Neural networks better at detecting sexual orientation than humansBy Staff Writer 8 September 2017 | Categories: news
As we speed down the artificial intelligence path, research findings will continue to pop up that makes us question how this will be used in future. Here’s the latest: Deep neural networks are more accurate than humans at detecting sexual orientation from facial images.
The research was published in the Journal of Personality and Social Psychology and conducted by Michal Kosinski Yilun Wang at Stanford University. They allowed deep neural networks to extract features from 35 326 facial images posted on a US dating site. These included fixed features, for example the shape of the nose, and transient facial features, such as grooming style.

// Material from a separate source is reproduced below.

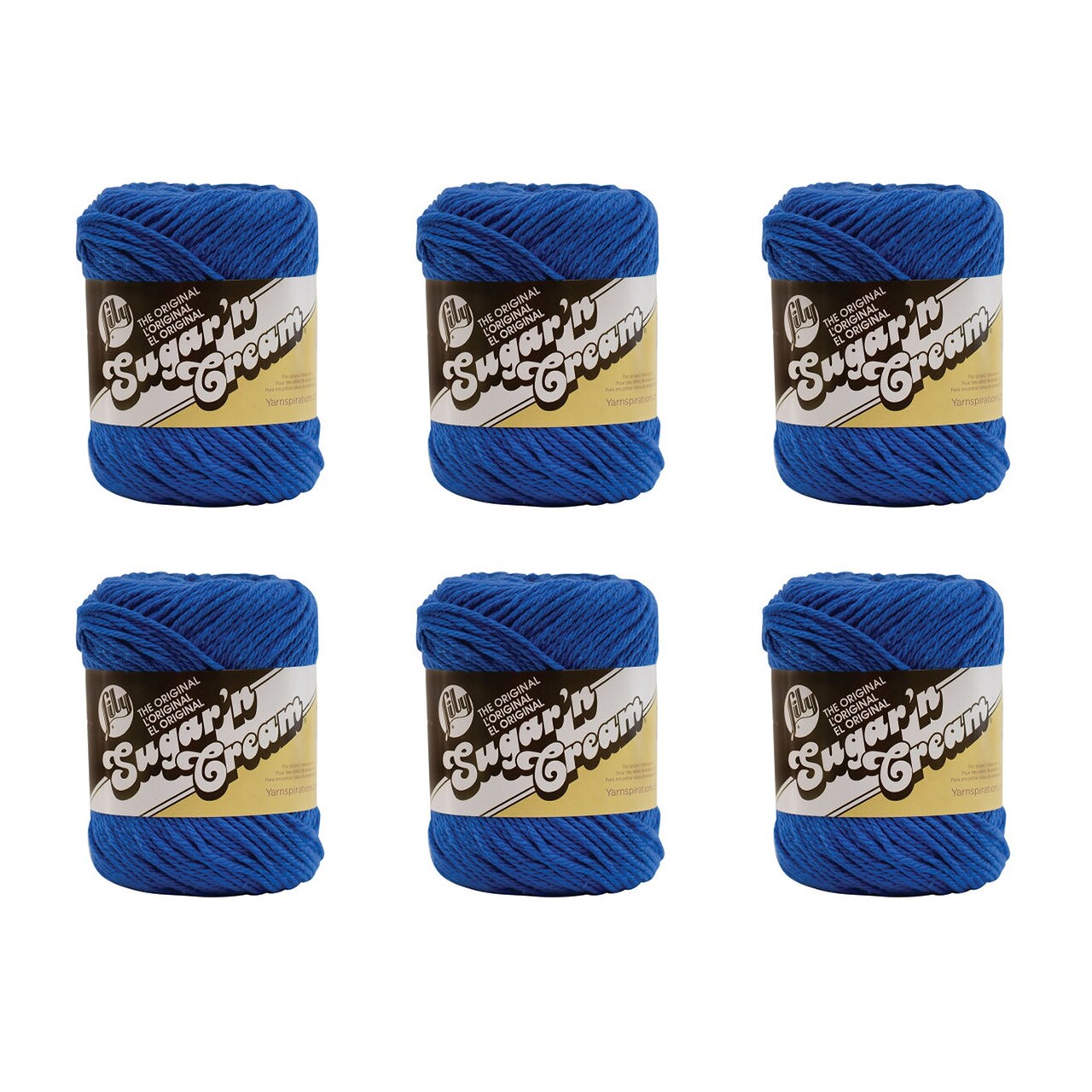 Lily Sugar'N Cream Dazzle Blue Yarn - 6 Pack of 71g/2.5oz - Cotton - 4 Medium (Worsted) - 120 Yards - Knitting/Crochet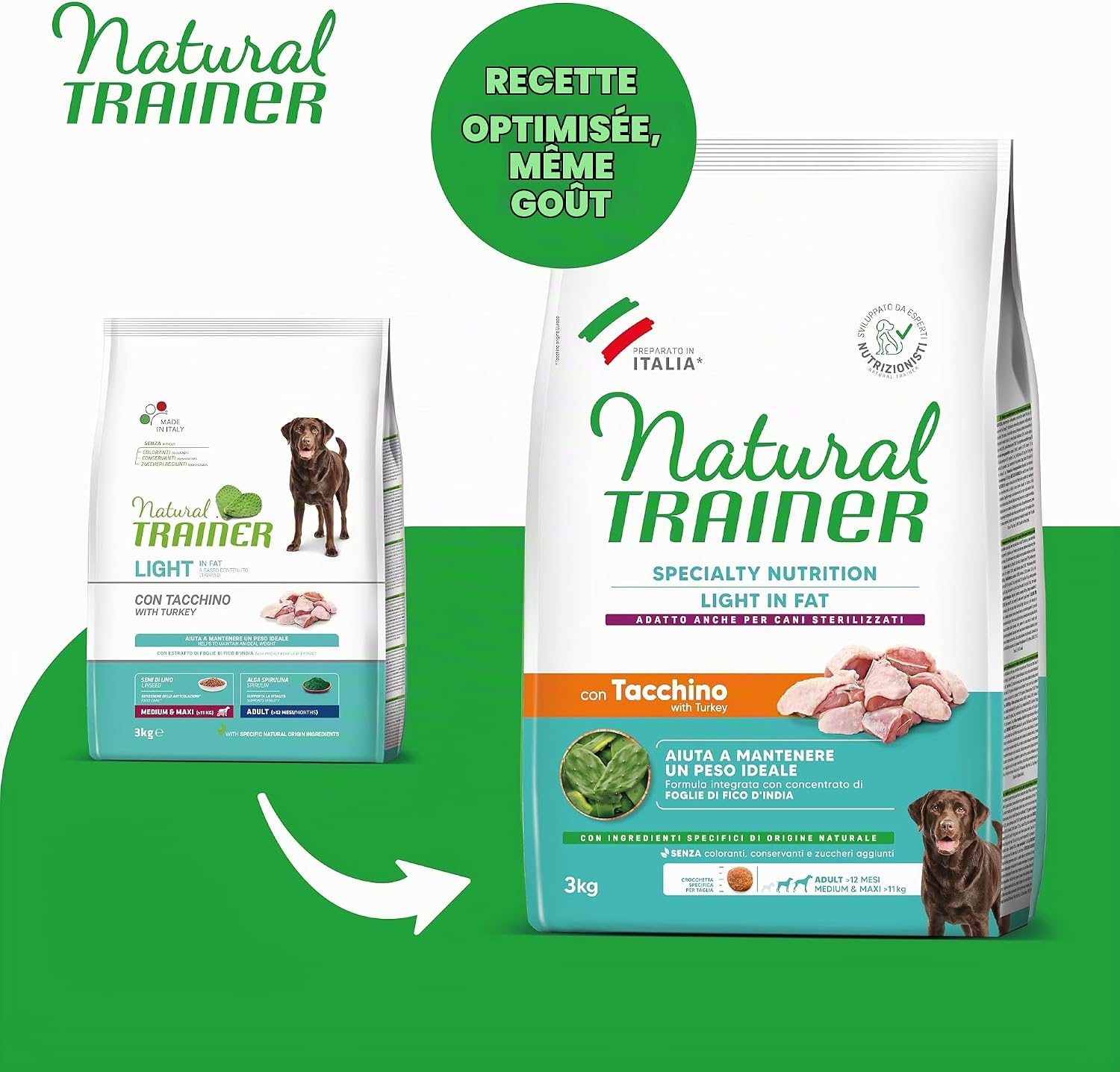 Detalle de Natural Trainer Ideal Weight droogvoer voor volwassen medium-maxi honden, 3 kg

Given a facial image, the machines that used deep neural networks had a hit rate of 81% in accurately classifying pictures of males as gay or heterosexual, and 74% for females. Humans on the other hand, can only accurately place males correctly at 61% and females at 54%.
Show the machine five pictures of the same person and its algorithm gets even better, allowing detection rate to jump to 91% for males and 83% for females.
The research noted that gay men and women tend to display “gender-atypical” features, including facial morphology, expression, and grooming styles. Moreover, the researchers believes that faces contain more information about sexual orientation than what we are typically able to detect, with the neural networks showing the limits of human perception.
Composite faces and the average facial landmarks built by averaging faces classified as most and least likely to be gay.
However, also included was a warning, which should be very pertinent in Africa. “Additionally, given that companies and governments are increasingly using computer vision algorithms to detect people’s intimate traits, our findings expose a threat to the privacy and safety of gay men and women.”
With a number of countries in Africa not far from implementing equal rights, one can hope that this research is not used for nefarious purposes.